I grabbed all the .xml files out of my clusters conf directory (in my
case /etc/hadoop/conf.cloudera.yarn) such as e.g. yarn-site.xml and put
them on my classpath. I also set up environment variables SPARK_JAR,
SPARK_YARN_APP_JAR, SPARK_YARN_USER_ENV, SPARK_HOME.
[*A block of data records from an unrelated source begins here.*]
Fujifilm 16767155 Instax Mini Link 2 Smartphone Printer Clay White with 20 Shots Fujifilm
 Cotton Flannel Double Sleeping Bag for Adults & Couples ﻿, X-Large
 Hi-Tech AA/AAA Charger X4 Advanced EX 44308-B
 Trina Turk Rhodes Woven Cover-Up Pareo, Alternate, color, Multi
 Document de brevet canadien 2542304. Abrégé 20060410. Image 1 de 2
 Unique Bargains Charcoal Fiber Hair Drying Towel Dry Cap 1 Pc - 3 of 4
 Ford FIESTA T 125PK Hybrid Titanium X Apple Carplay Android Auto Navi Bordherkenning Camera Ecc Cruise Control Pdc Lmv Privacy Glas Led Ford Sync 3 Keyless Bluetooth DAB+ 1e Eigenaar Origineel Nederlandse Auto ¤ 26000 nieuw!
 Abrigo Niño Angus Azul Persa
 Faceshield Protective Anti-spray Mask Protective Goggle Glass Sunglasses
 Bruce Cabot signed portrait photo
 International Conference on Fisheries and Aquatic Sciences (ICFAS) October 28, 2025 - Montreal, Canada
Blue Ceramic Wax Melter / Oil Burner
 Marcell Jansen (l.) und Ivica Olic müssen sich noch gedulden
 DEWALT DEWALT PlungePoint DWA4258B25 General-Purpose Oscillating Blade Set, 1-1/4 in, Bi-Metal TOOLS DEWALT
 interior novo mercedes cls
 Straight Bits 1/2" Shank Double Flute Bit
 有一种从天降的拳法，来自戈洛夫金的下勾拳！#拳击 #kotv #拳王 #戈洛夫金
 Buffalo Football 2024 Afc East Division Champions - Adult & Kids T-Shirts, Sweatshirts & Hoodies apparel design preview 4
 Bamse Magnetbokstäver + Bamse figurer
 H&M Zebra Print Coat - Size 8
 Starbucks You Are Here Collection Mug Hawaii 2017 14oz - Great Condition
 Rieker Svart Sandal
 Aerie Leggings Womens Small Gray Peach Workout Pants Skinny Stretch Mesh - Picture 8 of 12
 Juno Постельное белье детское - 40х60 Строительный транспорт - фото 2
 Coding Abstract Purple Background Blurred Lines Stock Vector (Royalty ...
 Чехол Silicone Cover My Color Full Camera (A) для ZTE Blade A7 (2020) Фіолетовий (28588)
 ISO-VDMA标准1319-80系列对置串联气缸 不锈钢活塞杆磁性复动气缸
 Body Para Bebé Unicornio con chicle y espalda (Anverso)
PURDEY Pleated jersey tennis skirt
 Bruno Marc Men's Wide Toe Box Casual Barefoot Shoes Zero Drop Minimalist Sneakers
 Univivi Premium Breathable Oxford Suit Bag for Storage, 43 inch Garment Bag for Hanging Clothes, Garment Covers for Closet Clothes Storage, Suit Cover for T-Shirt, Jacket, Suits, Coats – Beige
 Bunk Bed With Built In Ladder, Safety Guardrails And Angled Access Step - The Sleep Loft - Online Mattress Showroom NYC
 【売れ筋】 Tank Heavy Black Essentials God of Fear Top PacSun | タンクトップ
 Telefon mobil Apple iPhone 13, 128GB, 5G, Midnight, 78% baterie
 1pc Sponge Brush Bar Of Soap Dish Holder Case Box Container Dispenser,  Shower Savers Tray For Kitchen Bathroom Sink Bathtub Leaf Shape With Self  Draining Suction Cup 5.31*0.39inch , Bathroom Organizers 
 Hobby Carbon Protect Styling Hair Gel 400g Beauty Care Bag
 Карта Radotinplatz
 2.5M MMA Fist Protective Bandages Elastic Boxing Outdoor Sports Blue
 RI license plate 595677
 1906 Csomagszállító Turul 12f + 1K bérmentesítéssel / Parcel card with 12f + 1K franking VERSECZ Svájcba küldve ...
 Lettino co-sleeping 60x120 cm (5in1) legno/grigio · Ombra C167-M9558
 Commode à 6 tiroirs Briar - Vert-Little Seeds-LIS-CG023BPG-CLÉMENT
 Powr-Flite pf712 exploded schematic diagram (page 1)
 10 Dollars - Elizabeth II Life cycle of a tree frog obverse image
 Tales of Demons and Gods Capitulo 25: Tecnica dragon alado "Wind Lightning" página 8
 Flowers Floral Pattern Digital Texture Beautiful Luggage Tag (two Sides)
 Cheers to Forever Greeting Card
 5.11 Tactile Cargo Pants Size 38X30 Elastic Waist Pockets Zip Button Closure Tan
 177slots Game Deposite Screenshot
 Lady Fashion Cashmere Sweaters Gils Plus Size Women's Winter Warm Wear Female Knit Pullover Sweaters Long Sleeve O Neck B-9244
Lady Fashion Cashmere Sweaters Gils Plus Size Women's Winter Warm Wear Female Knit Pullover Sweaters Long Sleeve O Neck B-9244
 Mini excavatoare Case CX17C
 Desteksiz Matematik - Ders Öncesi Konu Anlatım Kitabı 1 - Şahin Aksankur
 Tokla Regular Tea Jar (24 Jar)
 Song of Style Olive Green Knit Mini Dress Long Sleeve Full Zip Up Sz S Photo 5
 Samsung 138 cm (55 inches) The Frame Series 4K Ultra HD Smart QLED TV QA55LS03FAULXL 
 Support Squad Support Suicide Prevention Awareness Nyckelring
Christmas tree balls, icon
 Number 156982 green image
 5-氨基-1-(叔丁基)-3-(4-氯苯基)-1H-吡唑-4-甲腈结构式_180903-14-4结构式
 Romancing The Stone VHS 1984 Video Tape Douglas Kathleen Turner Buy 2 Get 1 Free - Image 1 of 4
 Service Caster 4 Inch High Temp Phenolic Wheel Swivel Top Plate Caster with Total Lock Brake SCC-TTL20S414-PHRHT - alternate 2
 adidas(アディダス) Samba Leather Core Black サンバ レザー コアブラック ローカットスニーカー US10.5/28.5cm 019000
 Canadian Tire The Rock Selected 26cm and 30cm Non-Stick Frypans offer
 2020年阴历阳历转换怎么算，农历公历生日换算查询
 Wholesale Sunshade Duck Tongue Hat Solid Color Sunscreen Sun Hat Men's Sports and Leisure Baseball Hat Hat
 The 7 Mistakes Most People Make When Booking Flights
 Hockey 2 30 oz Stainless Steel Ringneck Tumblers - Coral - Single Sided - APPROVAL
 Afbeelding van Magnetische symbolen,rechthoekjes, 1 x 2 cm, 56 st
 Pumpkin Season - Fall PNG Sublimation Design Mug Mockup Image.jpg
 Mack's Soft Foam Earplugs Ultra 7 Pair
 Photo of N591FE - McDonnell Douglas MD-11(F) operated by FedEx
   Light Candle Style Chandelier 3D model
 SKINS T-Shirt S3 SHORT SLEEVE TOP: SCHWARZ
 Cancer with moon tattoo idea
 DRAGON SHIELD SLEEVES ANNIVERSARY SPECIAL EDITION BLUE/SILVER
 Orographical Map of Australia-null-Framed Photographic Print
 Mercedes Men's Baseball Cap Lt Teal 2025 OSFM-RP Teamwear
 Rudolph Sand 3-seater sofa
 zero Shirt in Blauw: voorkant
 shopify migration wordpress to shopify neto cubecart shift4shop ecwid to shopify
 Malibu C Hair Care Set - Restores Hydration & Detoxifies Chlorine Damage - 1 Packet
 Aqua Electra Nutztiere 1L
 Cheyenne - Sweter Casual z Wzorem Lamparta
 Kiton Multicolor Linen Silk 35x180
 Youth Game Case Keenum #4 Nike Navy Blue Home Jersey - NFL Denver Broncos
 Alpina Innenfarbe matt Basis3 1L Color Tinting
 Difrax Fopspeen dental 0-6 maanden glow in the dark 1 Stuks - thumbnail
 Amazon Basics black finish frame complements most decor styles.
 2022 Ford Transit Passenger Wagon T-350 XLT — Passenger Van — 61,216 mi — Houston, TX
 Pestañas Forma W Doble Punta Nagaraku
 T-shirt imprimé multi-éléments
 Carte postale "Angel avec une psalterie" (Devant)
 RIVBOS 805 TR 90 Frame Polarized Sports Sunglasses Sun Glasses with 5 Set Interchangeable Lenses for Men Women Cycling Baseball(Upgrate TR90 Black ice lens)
When I run my simple scala script, I get the following error:
Exception in thread "main" org.apache.spark.SparkException: Yarn
application already ended,might be killed or not able to launch
application master.
at
org.apache.spark.scheduler.cluster.YarnClientSchedulerBackend.waitForApp(YarnClientSchedulerBackend.scala:95)
at
org.apache.spark.scheduler.cluster.YarnClientSchedulerBackend.start(YarnClientSchedulerBackend.scala:72)
at
org.apache.spark.scheduler.cluster.ClusterScheduler.start(ClusterScheduler.scala:119)
at org.apache.spark.SparkContext.<init>(SparkContext.scala:273)
at SparkYarnClientExperiment$.main(SparkYarnClientExperiment.scala:14)
at SparkYarnClientExperiment.main(SparkYarnClientExperiment.scala)
I can look at my yarn UI and see that it registers a failed application,
so I take this as incremental progress. However, I'm not sure how to
troubleshoot what I'm doing from here or if what I'm trying to do is
even sensible/possible. Any advice is appreciated.
Thanks,
Philip
On 1/15/2014 11:25 AM, John Zhao wrote:
> Now I am working on a web application and I want to submit a spark job to hadoop yarn.
> I have already do my own assemble and can run it in command line by the following script:
>
> export YARN_CONF_DIR=/home/gpadmin/clusterConfDir/yarn
> export SPARK_JAR=./assembly/target/scala-2.9.3/spark-assembly-0.8.1-incubating-hadoop2.0.5-alpha.jar
> ./spark-class org.apache.spark.deploy.yarn.Client --jar ./examples/target/scala-2.9.3/spark-examples-assembly-0.8.1-incubating.jar --class org.apache.spark.examples.SparkPi --args yarn-standalone --num-workers 3 --master-memory 1g --worker-memory 512m --worker-cores 1
>
> It works fine.
> The I realized that it is hard to submit the job from a web application .Looks like the spark-assembly-0.8.1-incubating-hadoop2.0.5-alpha.jar or spark-examples-assembly-0.8.1-incubating.jar is a really big jar. I believe it contains everything .
> So my question is :
> 1) when I run the above script, which jar is beed submitted to the yarn server ?
> 2) It loos like the spark-assembly-0.8.1-incubating-hadoop2.0.5-alpha.jar plays the role of client side and spark-examples-assembly-0.8.1-incubating.jar goes with spark runtime and examples which will be running in yarn, am I right?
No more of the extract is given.